Tara serves on the GRAD Partnership leadership team while leading the TDS team of experts as they provide high quality technical assistance and resources to schools engaged in Student Success System Coordinator certification from Johns Hopkins University. With over 25 years in public education, Tara Madden has served as secondary school teacher, athletic and instructional coach, school leader, facilitator, and Chief Program Officer. Ms. Madden contributed to tools, research, and resources to support continuously improving student success systems with a focus on addressing chronic absenteeism. She is passionate about designing structures for representative student voice and leadership.

 


Sheena Lall

Sheena provides voice, vision and guidance to the instructional design and delivery of TDS consultancies, resources, and professional learning programs. Her experience as a teacher, administrator, and IEP counselor, paired with her degrees in Education and Mental Health has developed her expertise and unique vision in many areas of school support. She works collaboratively with staff and clients to create programming for the whole person-including student, teacher, district, intermediary or state plans. Social emotional competency (for adults and students) as well as trending topics in education and mental health are some of the areas Sheena supports.

 


Raphael

Raphael manages partnerships with schools, partners, and researchers at Johns Hopkins University. He brings over two decades of education policy, nonprofit and instructional experience to TDS. After being recognized as a Master Teacher and serving as a Geaux Teach Mentor for the University of Louisiana, Raphael successfully advocated for equitable access to AP programs in Louisiana as the Director of State and District Partnerships with the College Board. At the Louisiana Department of Education Raphael led school improvement and high school redesign. Raphael earned his B.S. in Secondary Education and M.S. in Mathematics from Southern University A&M in Baton Rouge.

 


Advisory Board

 

Robert Balfanz, Ph.D.,
Advisory Board Chair

Robert Balfanz is a senior research scientist at Johns Hopkins University School of Education, where he is Director of the Everyone Graduates Center and Co-Director of the Center for Social Organization of Schools (CSOS).
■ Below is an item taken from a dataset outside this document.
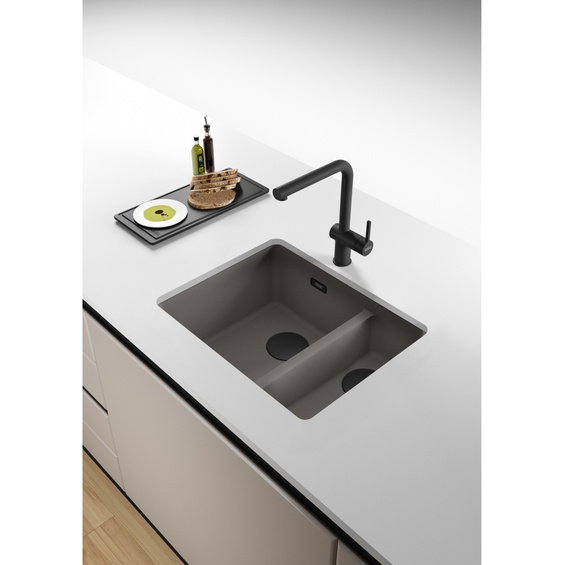 Zlewozmywak Maris MRG 160-34-15 łupkowy szary 125.0737.993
He served as a leading pioneer of the Talent Development Secondary model at CSOS, and then positioned Talent Development Secondary as a lead partner when co-founding Diplomas Now, the proven strategy for turning around some of America’s most challenging secondary schools and winner of a prestigious $30 million federal Investing in Innovation (i3) grant. He has published widely on secondary school reform, high school dropouts, early warning systems and instructional interventions in high-poverty schools. He is also a frequent speaker on dropout prevention and early warning indicators as a strategy to help students most at risk of failing. Through his research, advocacy and practice he has established himself as the nation’s trusted broker of evidence and information when dealing with the nation’s most challenged schools and vulnerable students. He is often referred to as a national expert on dropout prevention and has built his reputation on translating research findings into effective school improvement strategies and models.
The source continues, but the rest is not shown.